Tim Flannery's The Eternal Frontier: An Ecological History of North America and Its Peoples starts with the asteroid that slammed into the Gulf of Mexico 65 million years ago and scoured North America clean of the 80% of its species that couldn't stand up to forestorms and tsunamis. The asteroid is also suspected of wiping out the dinosaurs, but that was a side effect in comparison to the number it did on North America. For the next few million years, North America was primarily populated with descendents of the remaining 20% — burrowing frogs, deep-river fish and reptiles, opportunistic ferns that invaded disturbed land with hardy spores, riverbottom trees with leaf structures designed to withstand floods, and alpine and arctic species that survived just out of reach of the holocaust. For those who know where to look, the effects of that asteroid are still visible in North American flora and fauna.
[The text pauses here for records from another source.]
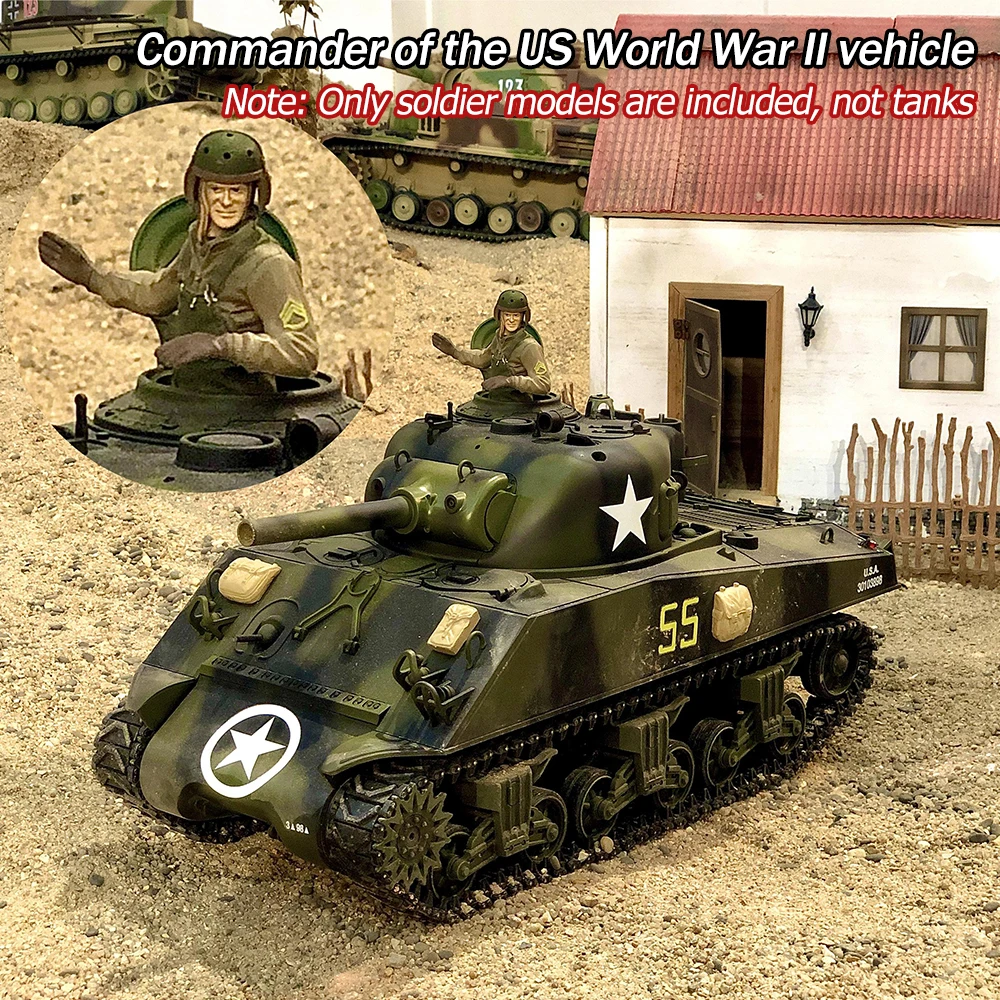 COOLBANK 1/16 WWII War Tank Model figure soldier HLC-0001/0002/0003 US Vehicle Captain 1938 Black Hat Officers Armoured Crew 3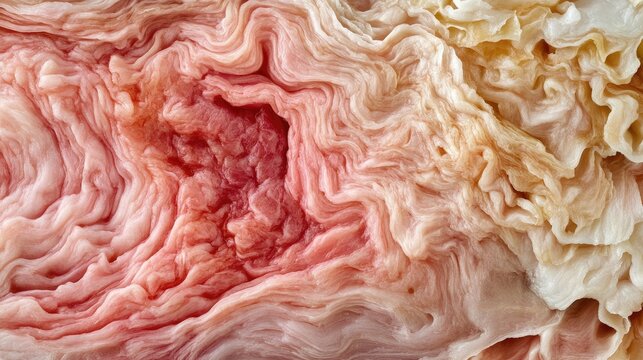 Close-up of beef texture slightly pink inside but mostly browned.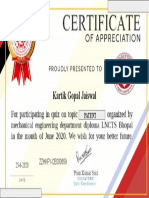 Certificate For Kartik Gopal Jaiswal For "Patent"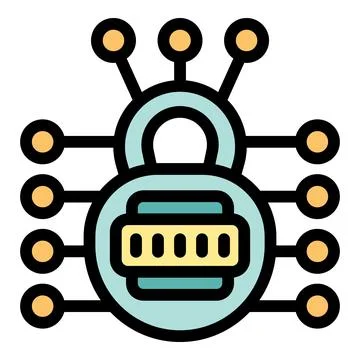 Decentralized network security system with password protection Stock Illustration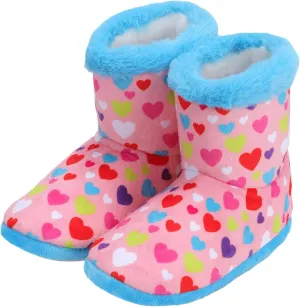 Girls Fuzzy Warm Soft Boot Slipper Non-Slip House Shoes Outdoor Indoor Winter Cozy Warm Kids Slipper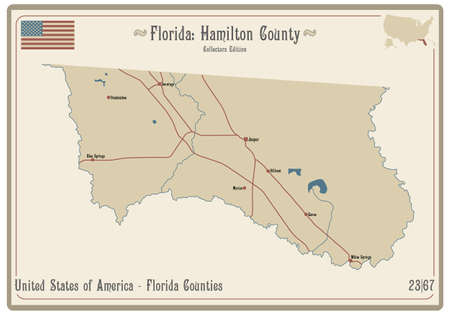Map on an old playing card of Hamilton county in Florida, USA.のイラスト素材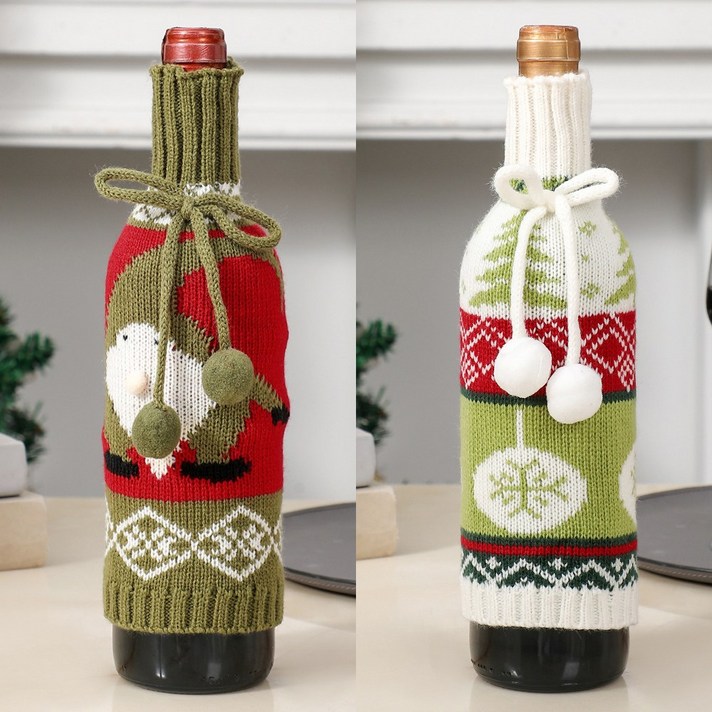 EGMI 크리스마스 와인 샴페인 술병 니트 커버 2P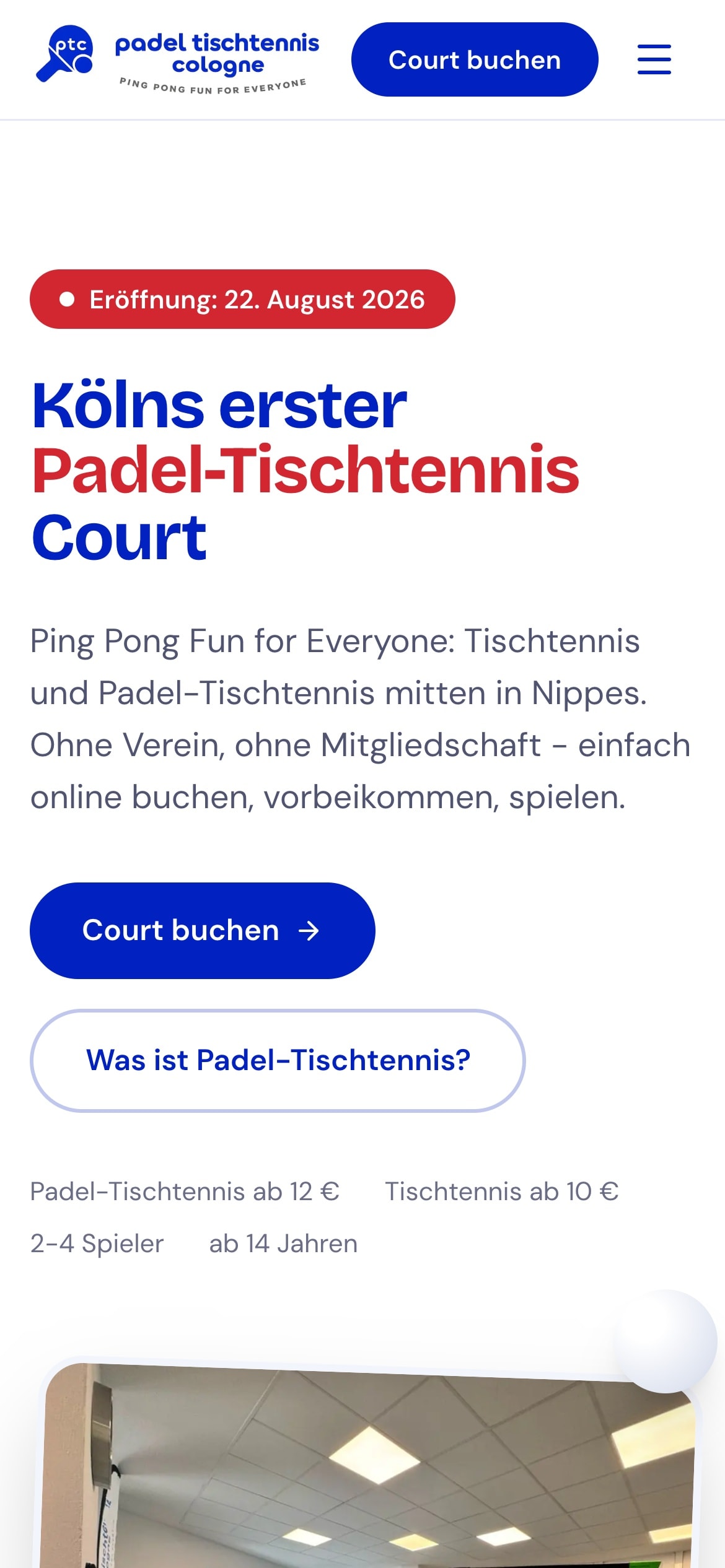 Echter Handy-Screenshot der Website von ptc Cologne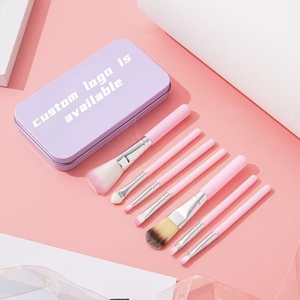 Set Professionale di Trucco con Polvere Rosa, Pennello Piatto e a Ventaglio con Setole Sintetiche <span class=keywords><strong>per</strong></span> Viso, Occhi, Labbra, Correttore e Blush - Product Image 6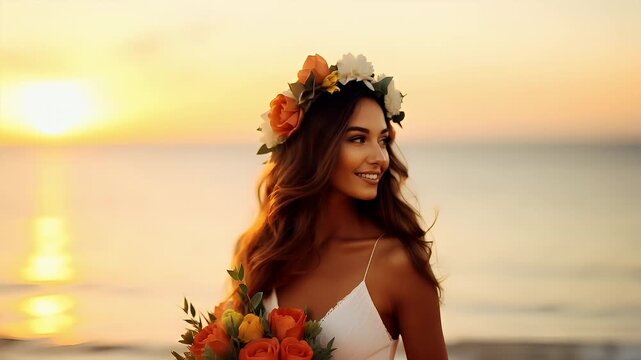 A woman with a floral crown stands against a sunset backdrop. She is adorned with a bouquet of flowers, and her gaze is directed towards the camera. The sky is painted in hues of orange.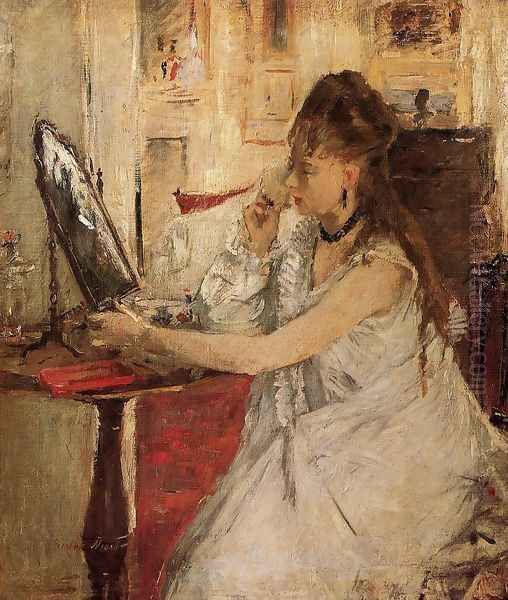 Young Woman Powdering Her Face Oil Painting by Berthe Morisot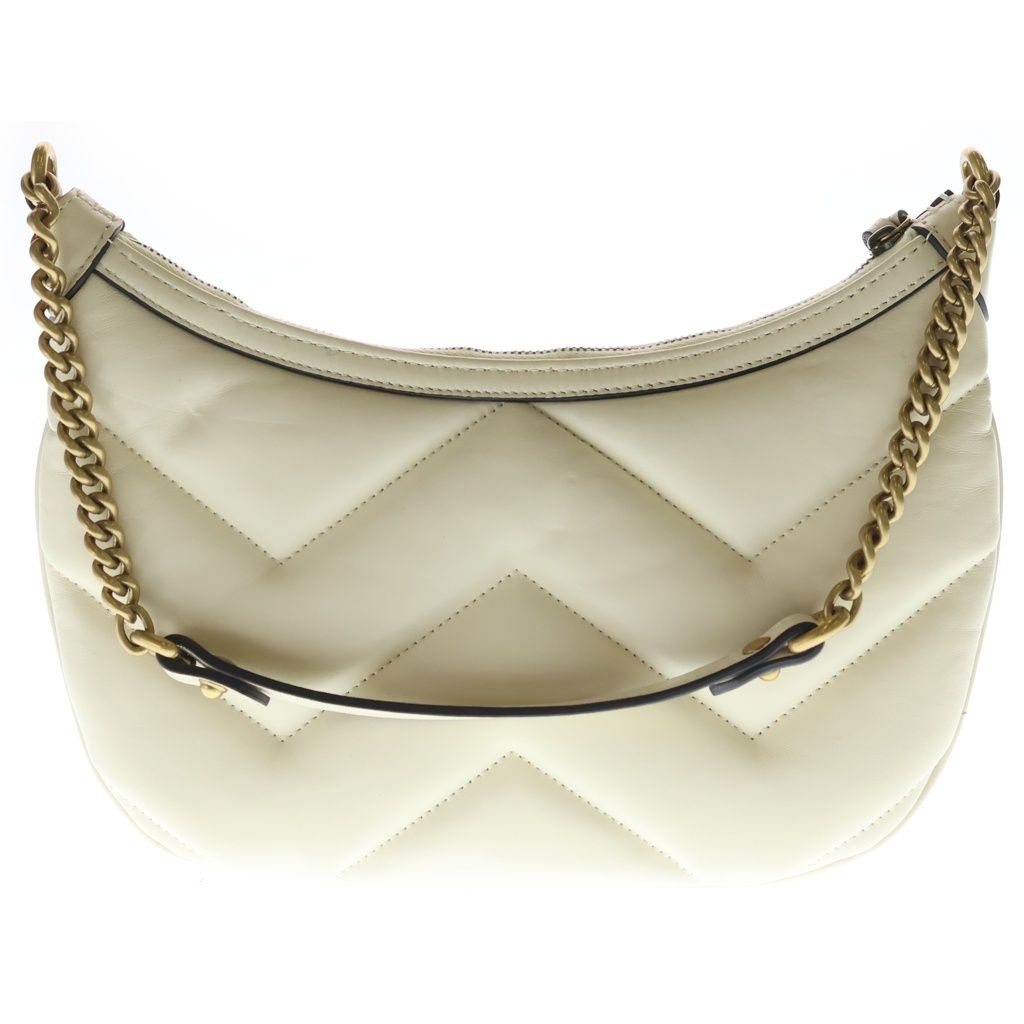 Gucci GG Marmont Small Shoulder Bag White Leather Gold — view 2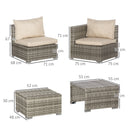 Set Salotto da Giardino Divano 2 Poltrone Tavolino e 2 Poggiapiedi in Rattan Beige e Grigio-3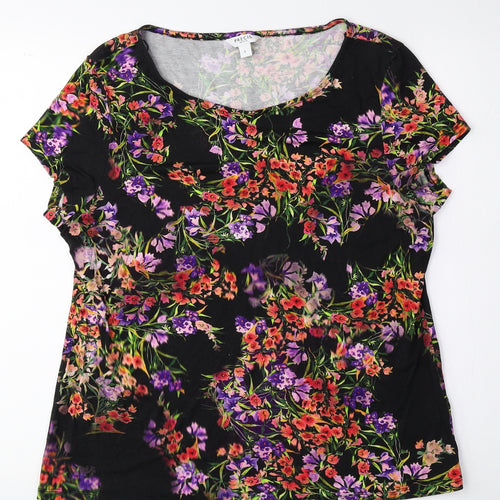 Precis Womens Multicoloured Floral Viscose Basic Blouse Size L Round Neck
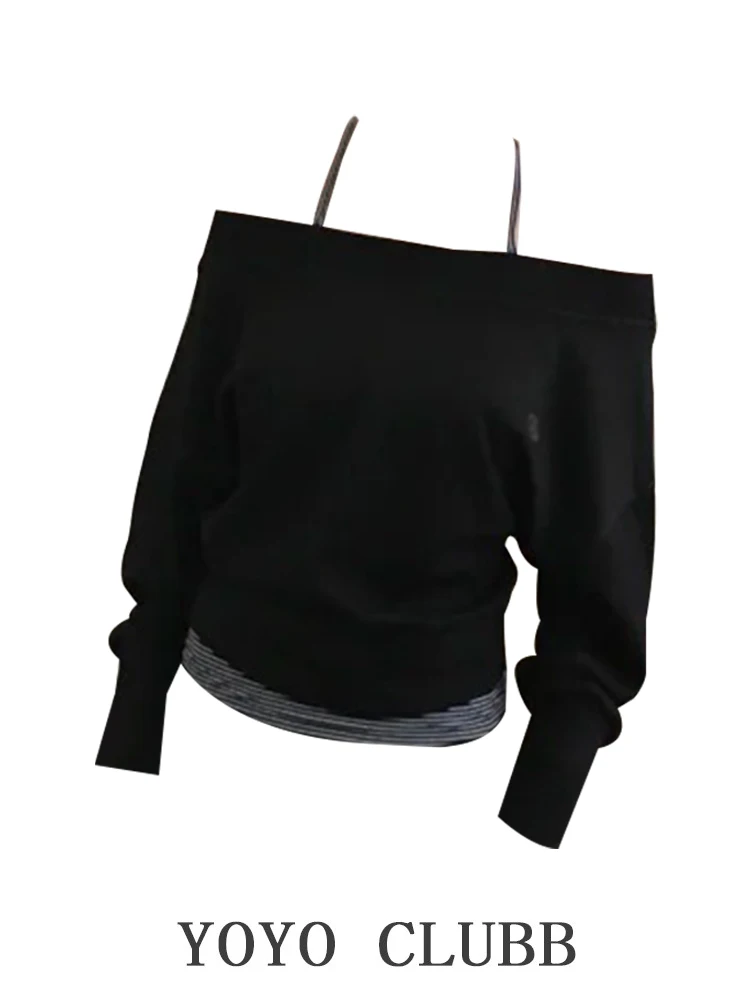 

Spring Large Size Batwing Sve oulder Bared T-irt Hoodie Striped Ne Hanging Top Bot Set Women's Faion Ensemble
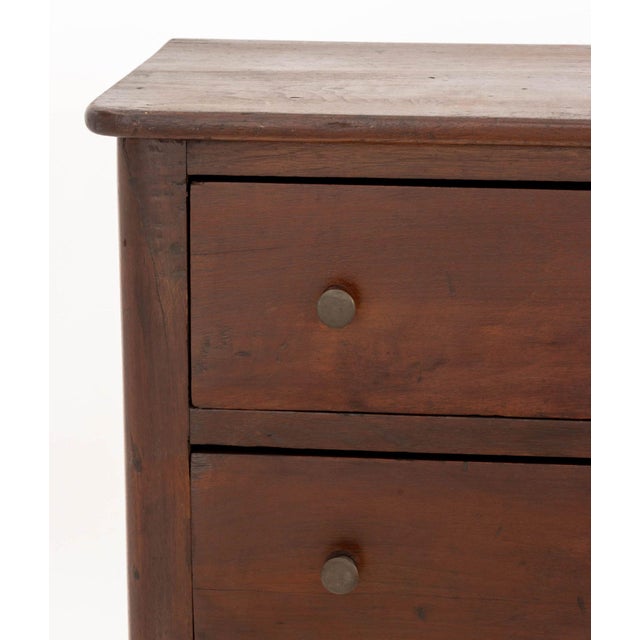 Traditional Georgian Dark Stained Oak Diminutive Chest of Three Drawers For Sale - Image 3 of 8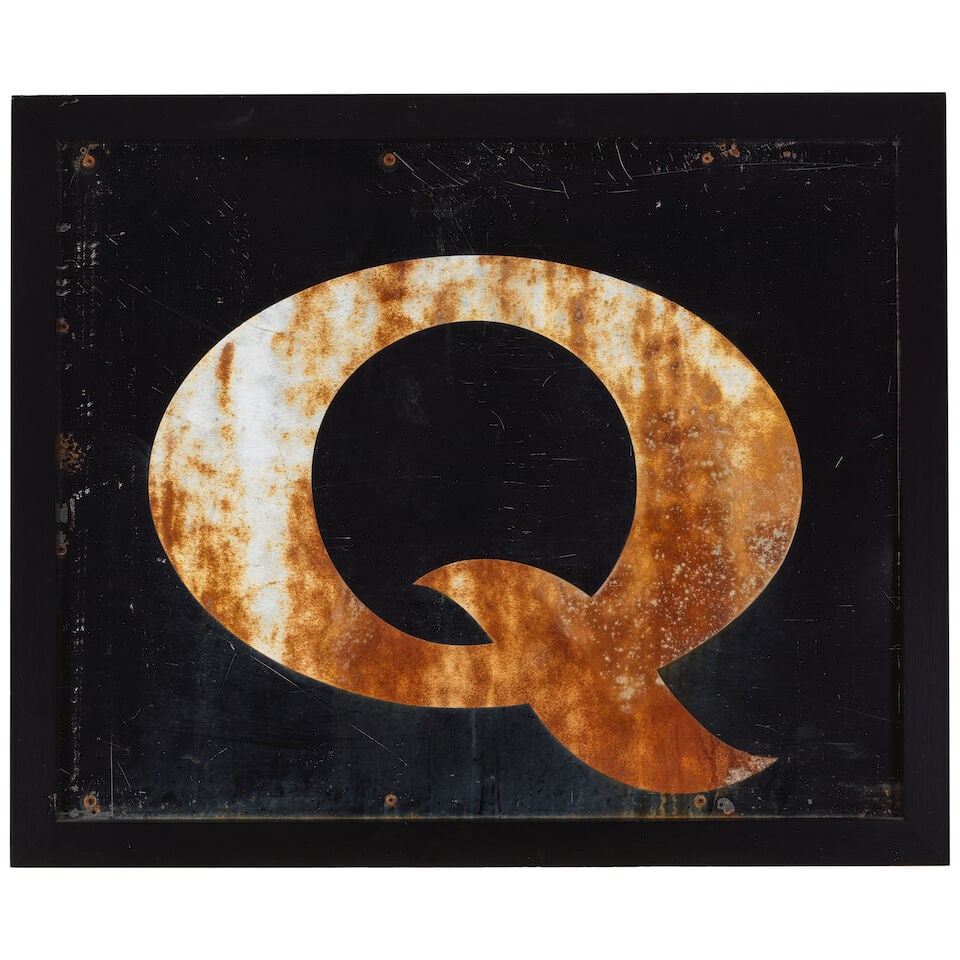 TWO FRAMED PAINTED METAL I AND Q SIGNS20th century - 3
That's only the first drama detailed by Flannery in North America's long history of de- and re-population by a combination of meteorological forces and invasions of hardy opportunists from Eurasia. The title comes from this tendency for newcomers to make quick work of exploiting North America's resources, with harsh consequences for their predecessors. Flannery's book attracted some controversy from its carefully explained argument that the first Native Americans wreaked mass extinctions shortly after their arrival which can only be compared to the damage done by European invaders throusands of years later.
Flannery certainly seems to know his stuff, and for the most part rises to the challenge of the vastly telescoping time scale of his subject (he must work in millions, then thousands, hundreds and tens of years). There are a few times when the register of his writing seems awkward as he jumps from catalogues of amazing beasts to vignettes about the scientists who discovered them. I find his take-no-prisoners style in the final historical chapters of the book refreshing, when he turns unabashedly political in his explanation of the stupidity of 19th- and 20th-century extinctions and their relationship to the uniquely North American invention of frontier-fed capitalism, but I'm sure some readers will be put off by it. The biggest shortcoming of the book is its paucity of illustrations: we're told over and over about amazing creatures from the gomphothere to the carrier pigeon, but only a handful of them are pictured. I'd like to see a heavily illustrated edition of The Eternal Frontier, with Edward Tufte in charge of the design.